Chapter summary

Introduction

The immune system, through both nonspecific (innate) and specific (humoral and cellular) pathways, acts to prevent infections and fight infections when they do occur.

Specific immunity

Two key features of specific immunity are (1) that defense is "engineered" to attack and destroy a par­ticular bacterium or agent and (2) that responses have an aspect of memory. While it is convenient to discuss cellular immunity, that is, the actions of lym­phocytes (T cells, B cells), macrophages, neutro­phils, and dendritic cells as independent of humoral immunity (production and circulation of antibodies), it is important to appreciate that functions occur in concert. In other words, the effectiveness of either depends on the other.

Antibodies

There are multiple classes of antibodies (IgA, IgG, etc.), but these immunoglobulins are produced and secreted by B cells that have been stimulated by anti­gens in connection with other lymphocytes (T cells or macrophages) to first divide and produce daugh­ter cells. Some of these daughter cells azre further stimulated to differentiate into plasma cells. The plasma cells are essentially miniature antibody-making fac­tories. This explains the increase in antibodies in cir­culation in the days and weeks following exposure to a foreign antigen. An antigen, by the way, is a protein, polysaccharide, or other molecule that is capable of eliciting the proliferation of B lympho­cytes and the differentiation to create plasma cells. Some of the B cells that were initially stimulated (the population of daughter cells) can subsequently divide and produce clones of cells, but these clones retain the capacity to very rapidly respond if they are exposed to the same antigen a second time.

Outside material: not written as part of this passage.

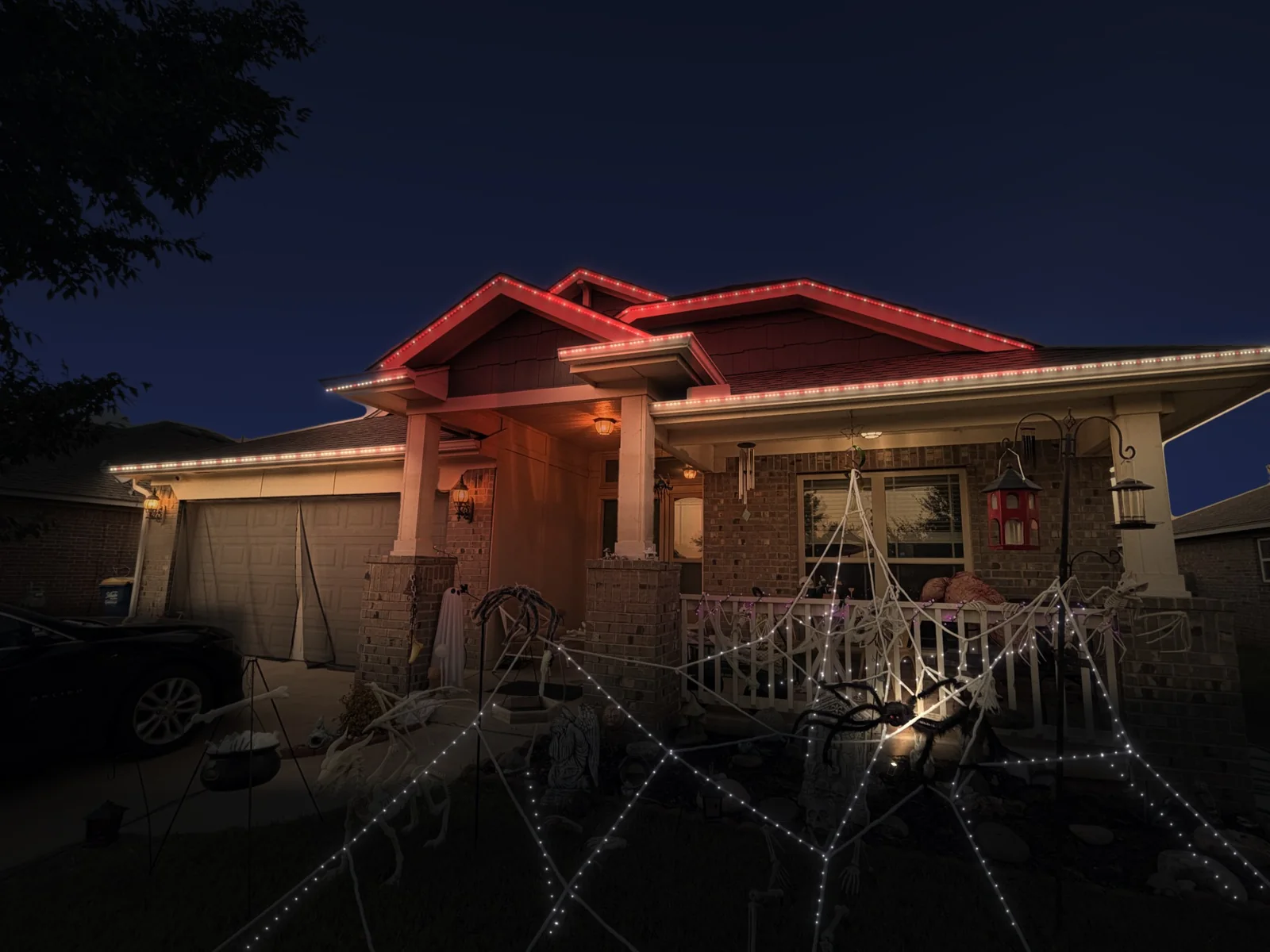 Mockup of a brick home at night with its roofline lit in crimson and cream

Leukocytes, lymphocytes, and others

The distinction between all of the various white blood cells can be confusing, but to understand the basics of immunity, it is important to have some appreciation of these various cells. Lymphocytes are divided into two broad classes: T cells and B cells. In mammals, the T cells get their name because during development, the initial population of T cells is pro­duced in the thymus. Because of subsequent stimula­tion and migration, these cells further differentiate to become helper T cells (T_h), killer or cytotoxic T cells (T_C), or suppressor T cells (T_s). Each of these classes of T cells is identified based on the array of surface markers that they express. As the names suggest, T_c cells with proper stimulation are capable of destroy­ing other cells, that is, cells infected by a virus. The T_h cells act by assisting or helping the actions of B cells to differentiate or other T cells to become acti­vated. The T_s cells function as regulators to prevent excessive immunity responses. B lymphocytes (B cells) originally got their name because they were identified in lymphoid tissue called the bursa of Fabricius, which is located near the cloaca of chick­ens. These are the cells that give rise to other B cells with "memory" as well as the plasma cells that syn­thesize and secrete immunoglobulins.

Cytokines

Control and regulation of most immune responses depends on the secretion of powerful hormone-like molecules or messengers collectively called cyto­kines or immunokines. These proteins are typically secreted by the various leukocytes. Their targets are typically other lymphocytes and related cells (macro­phages, dendritic cells, neutrophils). Examples include an entire suite of 36 different interleukins, interfer­ons, TNF-α, and many others.

Passive immunity

This refers to the protection that is provided by the administration of antibodies to a patient or more often the passage of antibodies from mother to off­spring in utero (depending on the type of placenta­tion). For example, in ruminants there is no in utero transfer of immunoglobulins so antibodies received from the sucking or feeding of colostrum is essential to provide some immunity until the calf, kid, or lamb can begin to generate its own specific immunity.

Lymphatic system

This is a system of thin vessels and interconnected series of lymph nodes and related organs, such as spleen, tonsils, thymus, Iacteals, and nodules, which provide a pass for interstitial fluid to return to the general circulation in the form of lymph that empties at the thoracic duct. The lymph nodes and related organs provide sites for the proliferation and con­centration of lymphocytes that can ultimately be recruited to enter the circulation or tissue regions in response to inflammation.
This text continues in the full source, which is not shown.